> [What you have to do]: As the answer, return precisely the lines from the one containing "Клещи раздвижени, синьо-червена" to the final line of the material below, inclusive, and omit every picture.
(Source information Opens)
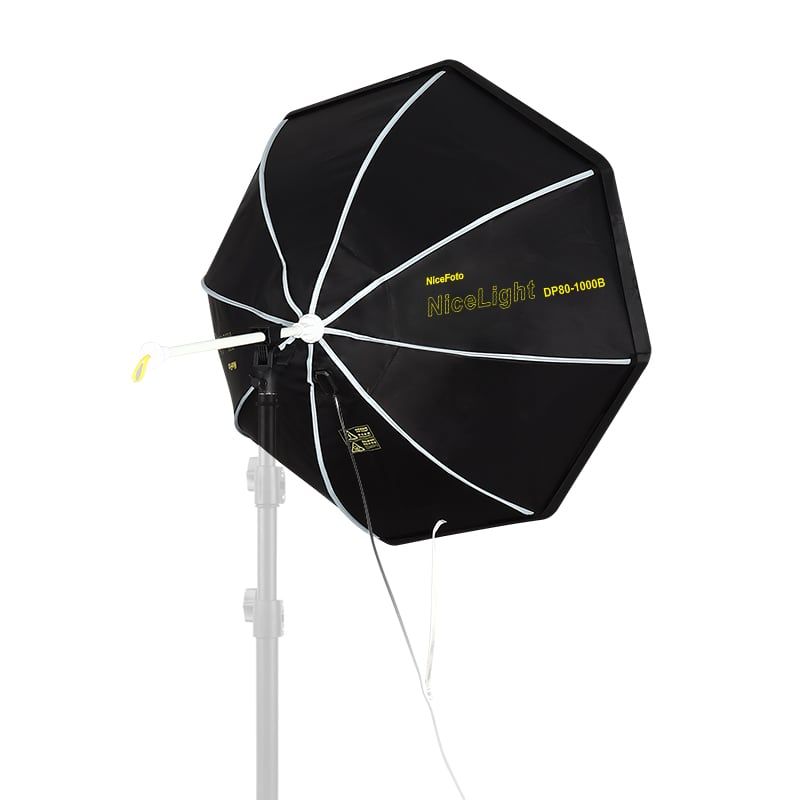  NiceFoto Umbrella DS80-1000B Octagonal DS Series Single Color Temperature 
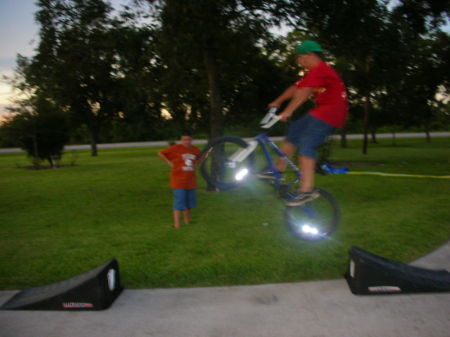 My stepson, Billy, Flying.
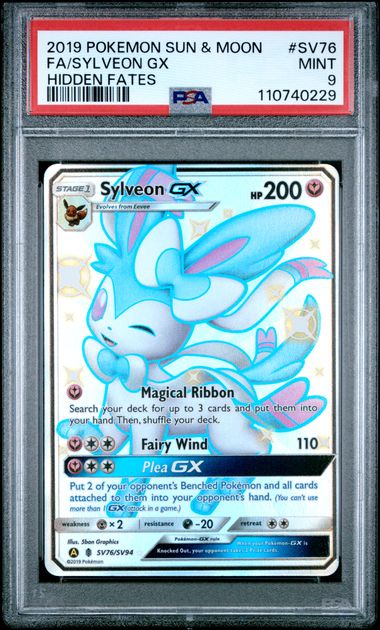 PSA - Pokemon - Sun & Moon, Hidden Fates - SV76/SV94 : Sylveon GX (Full Art) - PSA 9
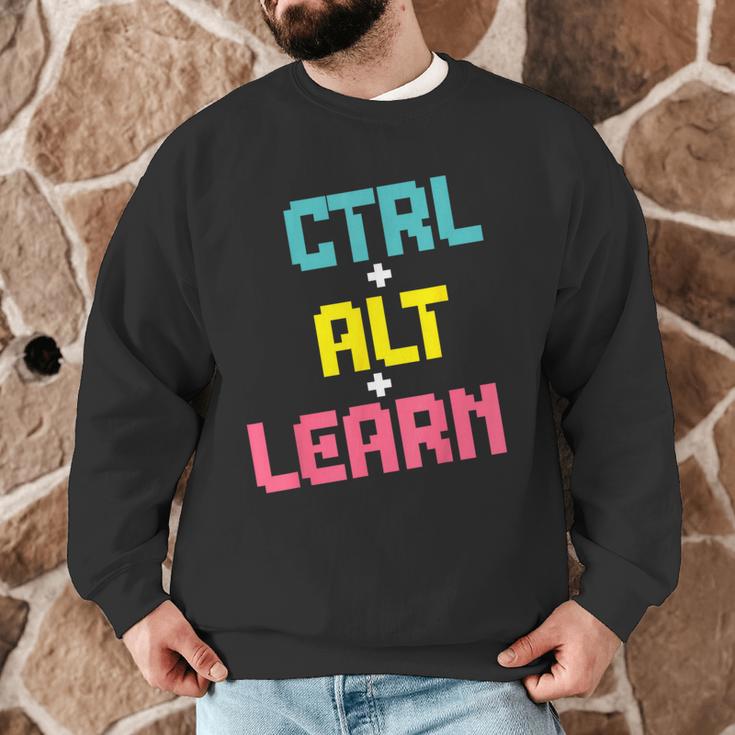 Computer Teacher Back To School Kids Ctrl Alt Learn Men Graphic Sweatshirt, novelty gifts, funny gifts Computer Teacher Back To School Kids Ctrl Alt Learn Men Graphic Sweatshirt, novelty gifts, funny gifts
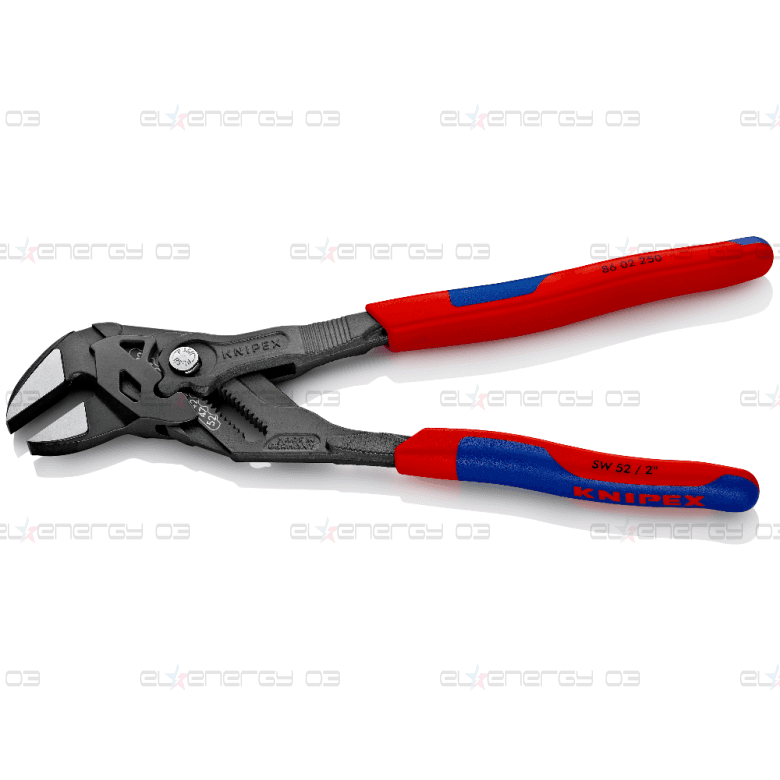 Клещи раздвижени, синьо-червена ръкохватка 250мм, Knipex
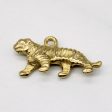 8k Yellow Gold Tiger Charm Online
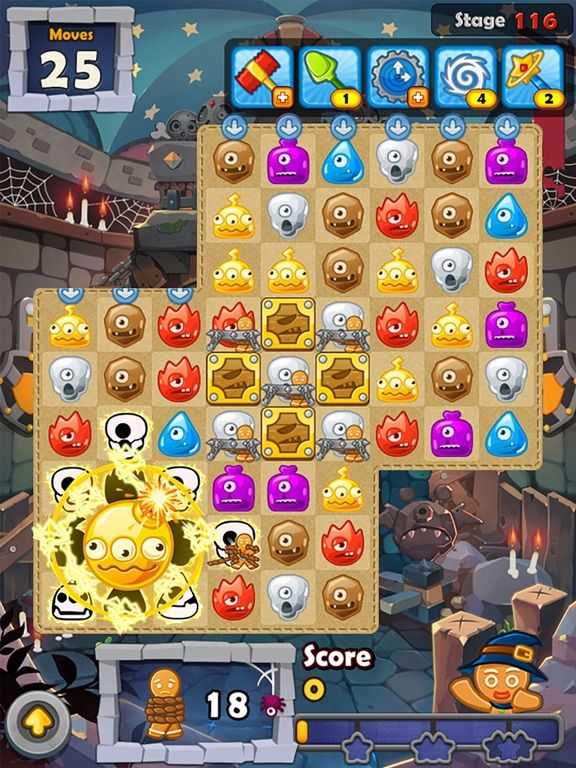 Monster Busters:Match 3 Puzzle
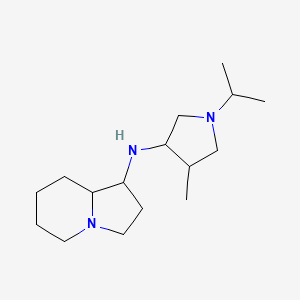 N-(4-methyl-1-propan-2-ylpyrrolidin-3-yl)-1,2,3,5,6,7,8,8a-octahydroindolizin-1-amine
(Source information Closes)
> [Reply to the exercise]:
 Клещи раздвижени, синьо-червена ръкохватка 250мм, Knipex
 8k Yellow Gold Tiger Charm Online
 Monster Busters:Match 3 Puzzle
 N-(4-methyl-1-propan-2-ylpyrrolidin-3-yl)-1,2,3,5,6,7,8,8a-octahydroindolizin-1-amine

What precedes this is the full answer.